Work item - Your reply should reproduce all the data below exactly while excluding the pictures.

Provided data -
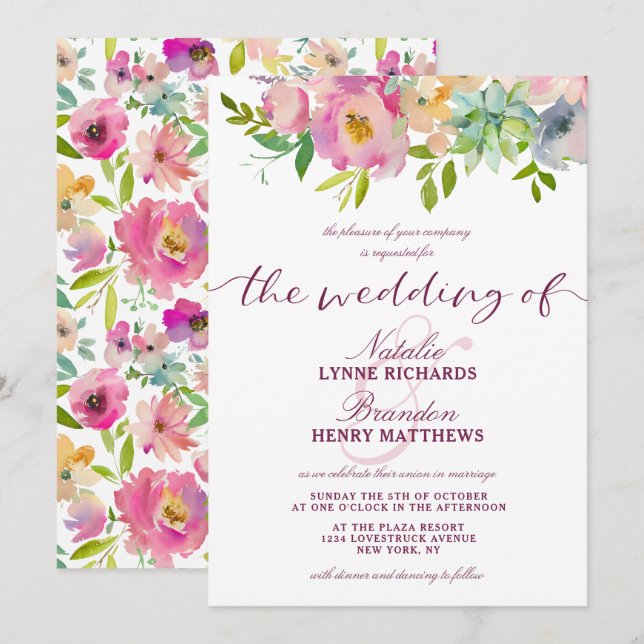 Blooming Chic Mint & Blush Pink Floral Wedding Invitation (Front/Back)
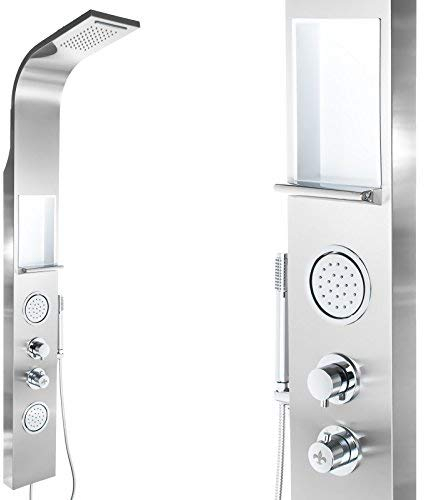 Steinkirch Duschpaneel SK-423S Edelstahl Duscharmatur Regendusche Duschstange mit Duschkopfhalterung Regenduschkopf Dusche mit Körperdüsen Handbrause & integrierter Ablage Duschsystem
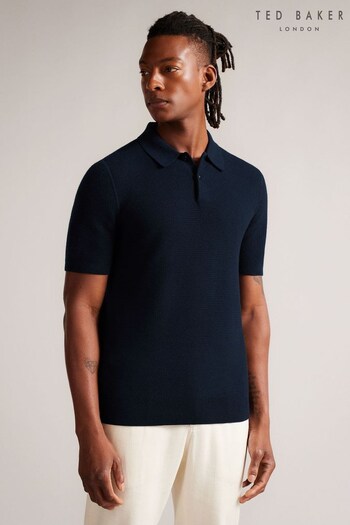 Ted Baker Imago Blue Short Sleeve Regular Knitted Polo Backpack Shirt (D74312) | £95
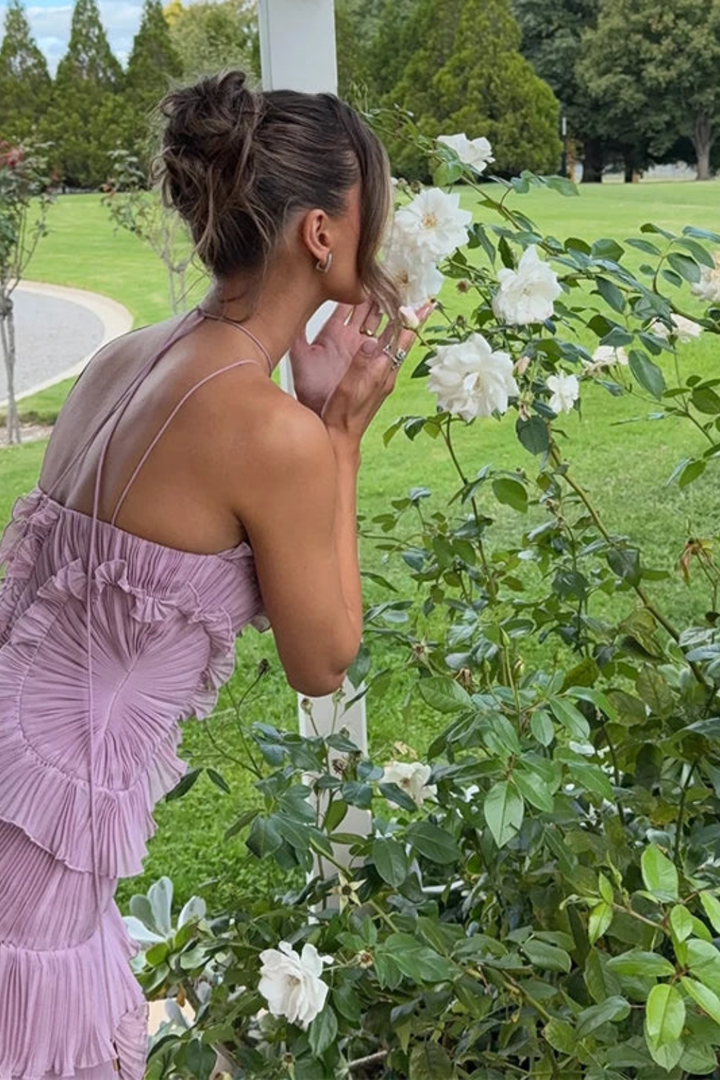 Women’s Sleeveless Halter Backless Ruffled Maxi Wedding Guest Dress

Written answer -
 Blooming Chic Mint & Blush Pink Floral Wedding Invitation (Front/Back)
 Steinkirch Duschpaneel SK-423S Edelstahl Duscharmatur Regendusche Duschstange mit Duschkopfhalterung Regenduschkopf Dusche mit Körperdüsen Handbrause & integrierter Ablage Duschsystem
 Ted Baker Imago Blue Short Sleeve Regular Knitted Polo Backpack Shirt (D74312) | £95
 Women’s Sleeveless Halter Backless Ruffled Maxi Wedding Guest Dress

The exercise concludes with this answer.